Mothers instinctively put everyone first in their family. When we first become mothers, our days are spent caring for people who are helpless to care for themselves. We can come to associate that level of care with motherhood in general, and we forget to care for ourselves. We may even get to the point where we can’t care for others because we never put on our oxygen mask. Even after our children are capable of some of their self-care, we still operate like we did when they were little and helpless. I’ve seen my mom and mother-in-law do it for years. They have great joy in caring for their families — make no mistake about that — but they sometimes do so to the detriment of their own well-being.
I have gone through times when this was true in my homeschool. I believed in the importance of giving my children truth, goodness, and beauty as their daily sustenance. I was instructed by Charlotte Mason that,
Like the body, the mind has its appetite, the desire for knowledge. Again, like the body, the mind is able to receive and assimilate by its powers of attention and reflection. Like the body, again, the mind rejects insipid, dry, and unsavoury food, that is to say, its pabulum should be presented in a literary form. The mind is restricted to pabulum of one kind: it is nourished upon ideas and absorbs facts only as these are connected with living ideas upon which they hang.
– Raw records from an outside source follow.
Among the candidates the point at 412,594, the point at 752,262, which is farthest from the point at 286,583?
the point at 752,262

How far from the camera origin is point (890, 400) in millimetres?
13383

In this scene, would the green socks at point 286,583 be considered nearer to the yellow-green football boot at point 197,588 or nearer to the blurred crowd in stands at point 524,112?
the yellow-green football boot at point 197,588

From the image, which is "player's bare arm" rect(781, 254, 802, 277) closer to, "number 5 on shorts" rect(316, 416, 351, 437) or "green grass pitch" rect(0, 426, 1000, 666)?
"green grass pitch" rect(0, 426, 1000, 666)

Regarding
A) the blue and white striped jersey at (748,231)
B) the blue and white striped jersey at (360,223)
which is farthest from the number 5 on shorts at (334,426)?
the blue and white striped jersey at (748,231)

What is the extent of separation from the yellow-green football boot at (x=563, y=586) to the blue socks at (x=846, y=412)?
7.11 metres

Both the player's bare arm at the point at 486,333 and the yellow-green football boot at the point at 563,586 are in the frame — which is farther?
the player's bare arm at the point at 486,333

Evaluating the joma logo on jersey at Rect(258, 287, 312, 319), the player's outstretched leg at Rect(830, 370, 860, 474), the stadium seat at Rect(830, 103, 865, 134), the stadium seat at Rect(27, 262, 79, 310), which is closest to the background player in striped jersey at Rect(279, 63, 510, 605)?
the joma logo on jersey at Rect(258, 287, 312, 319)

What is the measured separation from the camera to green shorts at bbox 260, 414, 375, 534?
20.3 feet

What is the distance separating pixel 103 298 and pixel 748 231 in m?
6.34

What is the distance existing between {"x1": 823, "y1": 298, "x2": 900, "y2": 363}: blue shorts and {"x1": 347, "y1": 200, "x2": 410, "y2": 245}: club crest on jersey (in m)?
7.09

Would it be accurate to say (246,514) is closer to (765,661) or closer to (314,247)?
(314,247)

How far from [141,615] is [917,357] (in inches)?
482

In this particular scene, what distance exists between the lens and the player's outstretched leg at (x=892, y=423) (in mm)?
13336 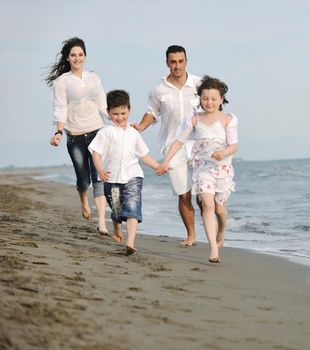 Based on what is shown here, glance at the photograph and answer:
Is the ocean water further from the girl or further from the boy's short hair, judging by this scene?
the boy's short hair

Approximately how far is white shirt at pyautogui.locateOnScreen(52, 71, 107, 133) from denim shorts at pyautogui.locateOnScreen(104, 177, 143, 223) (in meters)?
1.50

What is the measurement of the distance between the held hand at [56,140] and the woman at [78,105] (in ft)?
0.05

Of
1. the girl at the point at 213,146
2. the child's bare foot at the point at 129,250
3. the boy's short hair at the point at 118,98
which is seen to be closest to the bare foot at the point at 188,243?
the girl at the point at 213,146

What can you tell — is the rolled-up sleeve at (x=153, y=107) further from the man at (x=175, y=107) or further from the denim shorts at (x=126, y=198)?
the denim shorts at (x=126, y=198)

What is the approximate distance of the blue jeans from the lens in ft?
26.2

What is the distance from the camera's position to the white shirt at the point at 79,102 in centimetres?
783

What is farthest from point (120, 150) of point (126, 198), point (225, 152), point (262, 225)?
point (262, 225)

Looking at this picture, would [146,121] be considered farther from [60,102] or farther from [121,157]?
[121,157]

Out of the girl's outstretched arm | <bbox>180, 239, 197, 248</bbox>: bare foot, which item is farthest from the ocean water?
the girl's outstretched arm

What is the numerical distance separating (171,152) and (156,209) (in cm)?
812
But in the midst of caring for little ones, teaching my children, maintaining a home, and feeding the masses, I neglected to feed my appetite for knowledge.
When Mary and Martha had Jesus over as their guest, Jesus rebuked Martha for not sitting at His feet. Caught up in the tasks she felt she must do to serve her guest, she forgot how much she needed Him to complete anything. Her sister, however, had chosen the good portion: the teaching of Jesus that would feed her soul. We do well as mothers to choose the good portion, the life-giving sustenance for our souls.
When we stop to feed our hearts, we acknowledge that we are finite creatures who cannot do it all, who cannot survive on our strength. We tell our children that even mothers need to grow.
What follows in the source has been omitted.